(Description of the task)
Give all the lines below again, exactly, with no pictures.
========================================
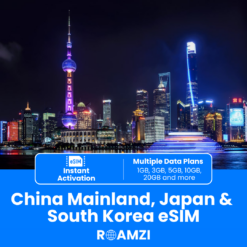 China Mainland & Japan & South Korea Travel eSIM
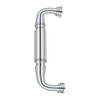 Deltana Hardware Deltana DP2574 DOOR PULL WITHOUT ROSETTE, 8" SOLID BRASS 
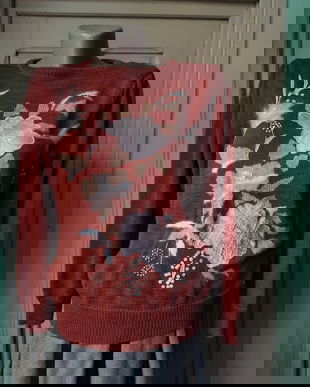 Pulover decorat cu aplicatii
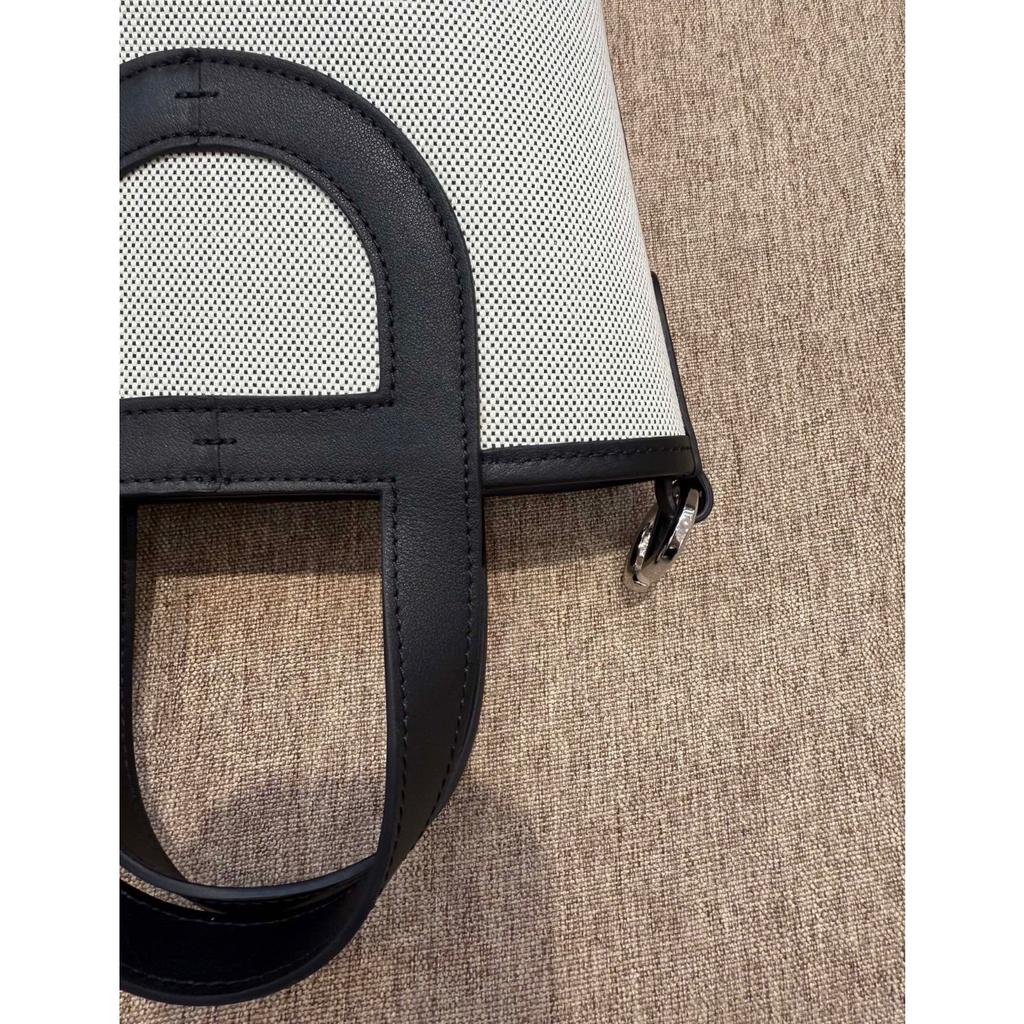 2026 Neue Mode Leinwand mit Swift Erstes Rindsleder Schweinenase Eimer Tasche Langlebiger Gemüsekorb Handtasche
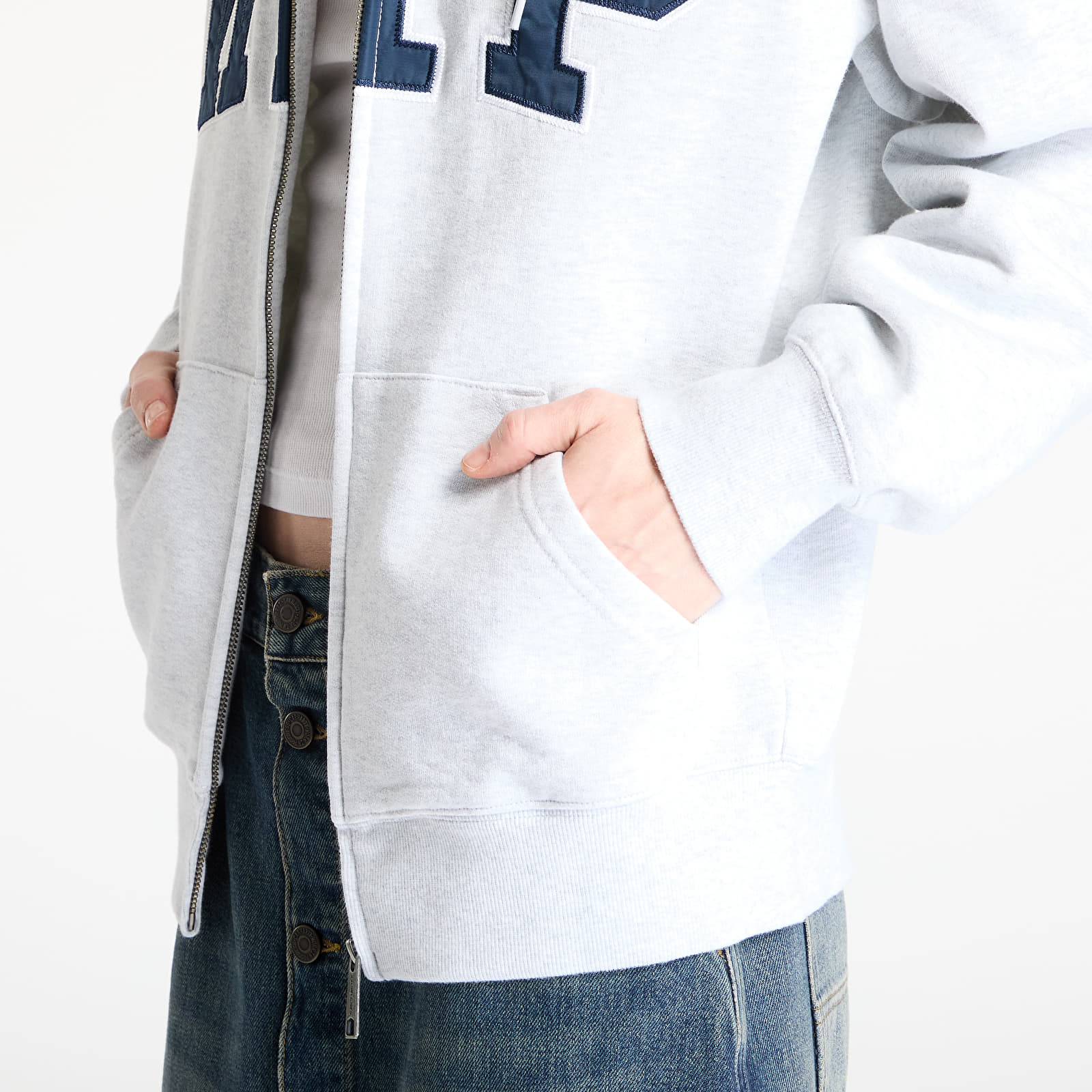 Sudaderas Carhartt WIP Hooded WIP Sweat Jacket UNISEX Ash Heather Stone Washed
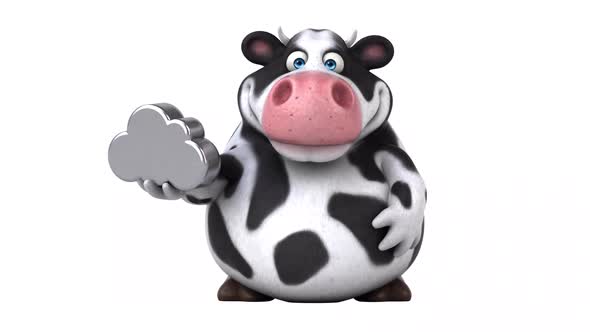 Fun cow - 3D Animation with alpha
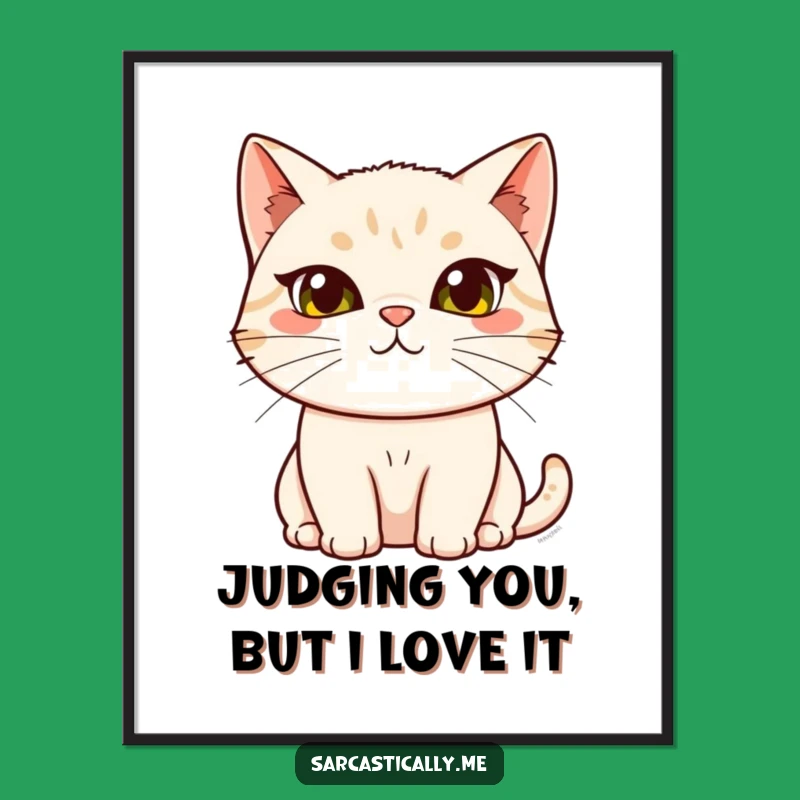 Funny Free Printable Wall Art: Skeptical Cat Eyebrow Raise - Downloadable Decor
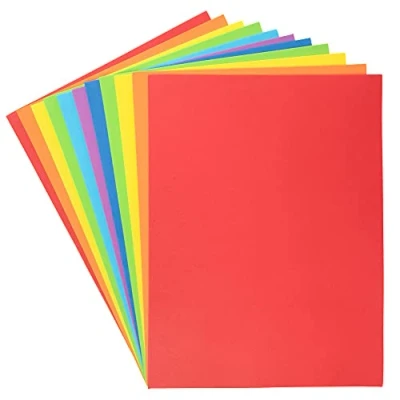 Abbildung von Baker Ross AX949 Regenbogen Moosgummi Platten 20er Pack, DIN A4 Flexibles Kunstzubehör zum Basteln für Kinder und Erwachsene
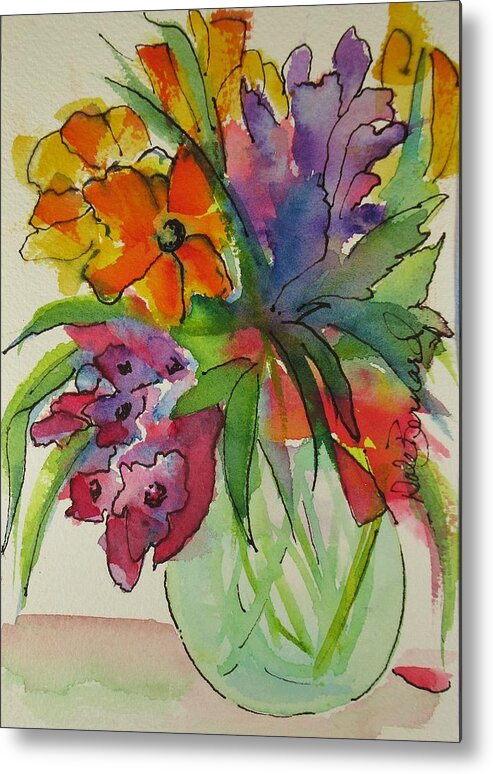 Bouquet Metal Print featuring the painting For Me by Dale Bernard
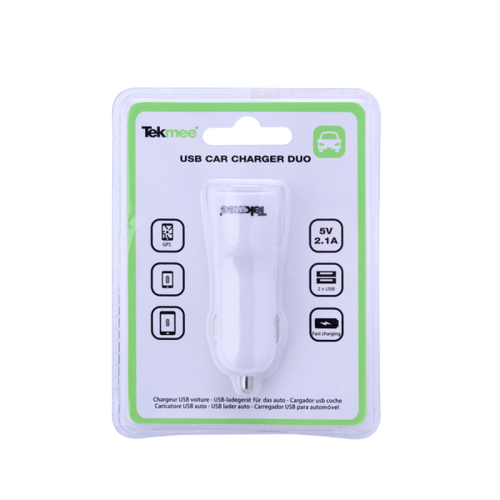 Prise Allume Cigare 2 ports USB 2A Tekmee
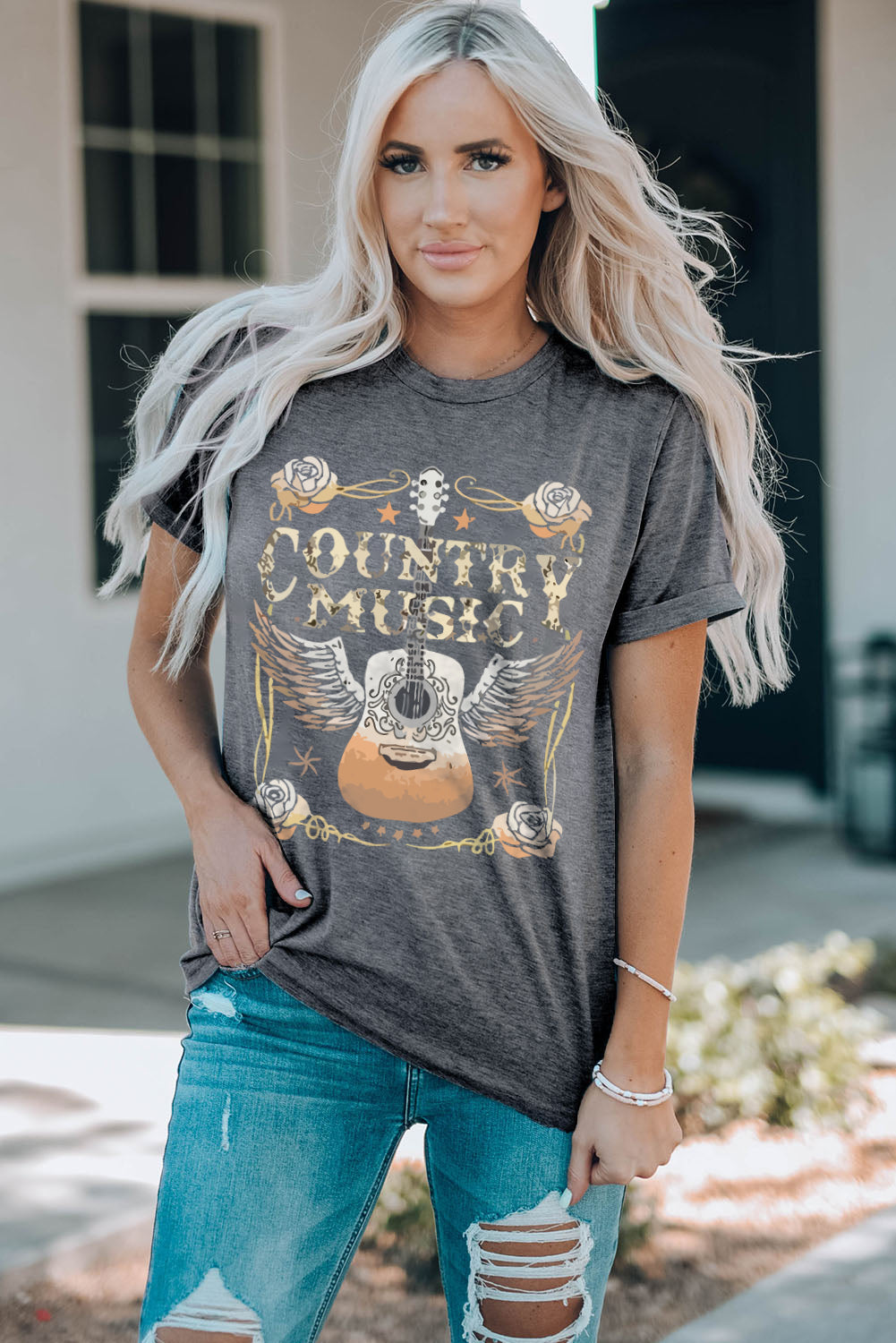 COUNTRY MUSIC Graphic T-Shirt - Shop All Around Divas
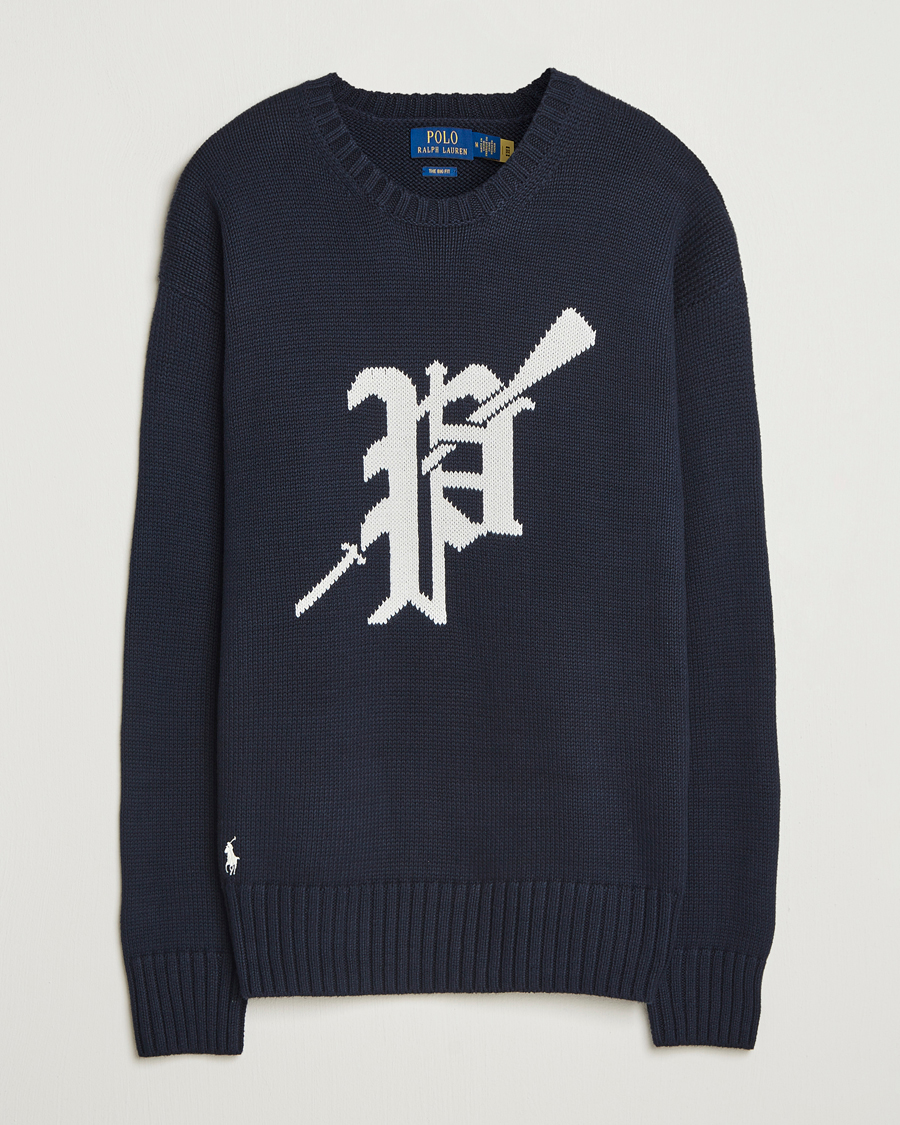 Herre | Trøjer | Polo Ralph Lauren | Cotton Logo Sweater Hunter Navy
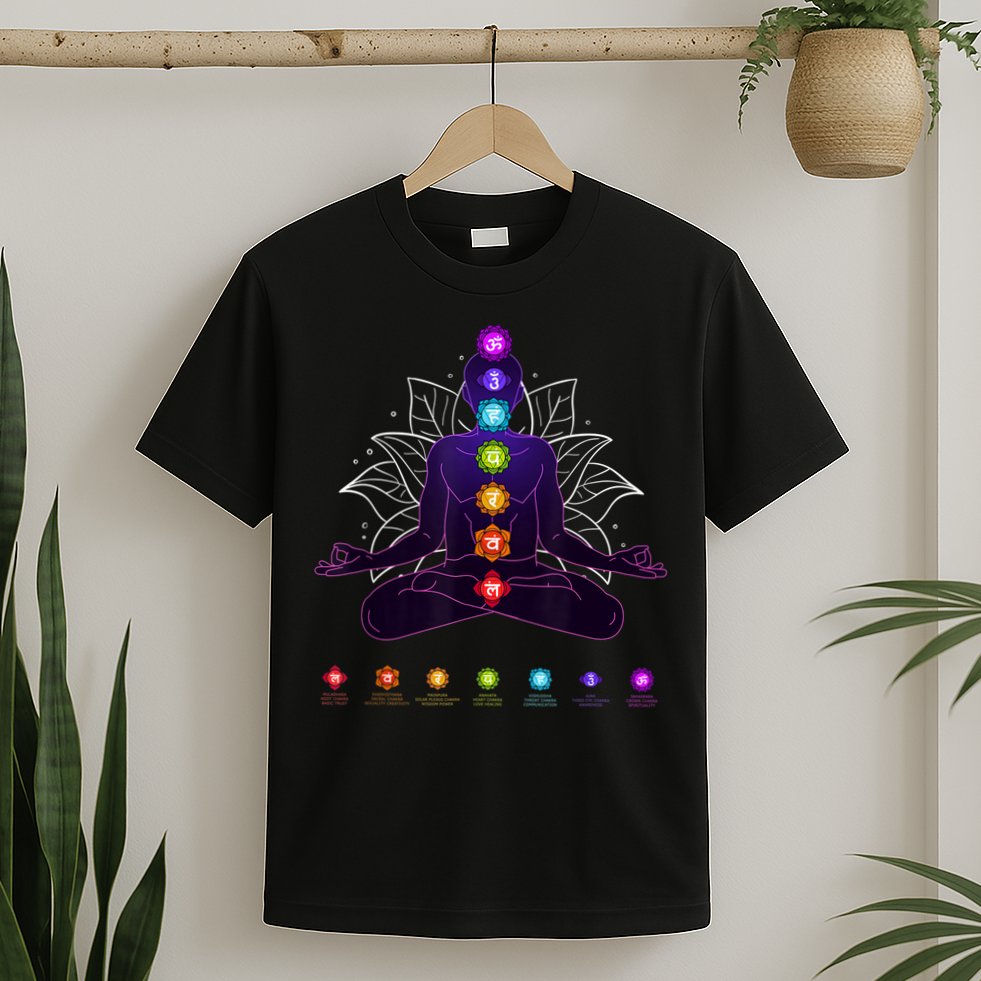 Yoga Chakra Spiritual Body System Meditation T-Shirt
========================================
(Output below)
 China Mainland & Japan & South Korea Travel eSIM
 Deltana Hardware Deltana DP2574 DOOR PULL WITHOUT ROSETTE, 8" SOLID BRASS 
 Pulover decorat cu aplicatii
 2026 Neue Mode Leinwand mit Swift Erstes Rindsleder Schweinenase Eimer Tasche Langlebiger Gemüsekorb Handtasche
 Sudaderas Carhartt WIP Hooded WIP Sweat Jacket UNISEX Ash Heather Stone Washed
 Fun cow - 3D Animation with alpha
 Funny Free Printable Wall Art: Skeptical Cat Eyebrow Raise - Downloadable Decor
 Abbildung von Baker Ross AX949 Regenbogen Moosgummi Platten 20er Pack, DIN A4 Flexibles Kunstzubehör zum Basteln für Kinder und Erwachsene
 Bouquet Metal Print featuring the painting For Me by Dale Bernard
 Prise Allume Cigare 2 ports USB 2A Tekmee
 COUNTRY MUSIC Graphic T-Shirt - Shop All Around Divas
 Herre | Trøjer | Polo Ralph Lauren | Cotton Logo Sweater Hunter Navy
 Yoga Chakra Spiritual Body System Meditation T-Shirt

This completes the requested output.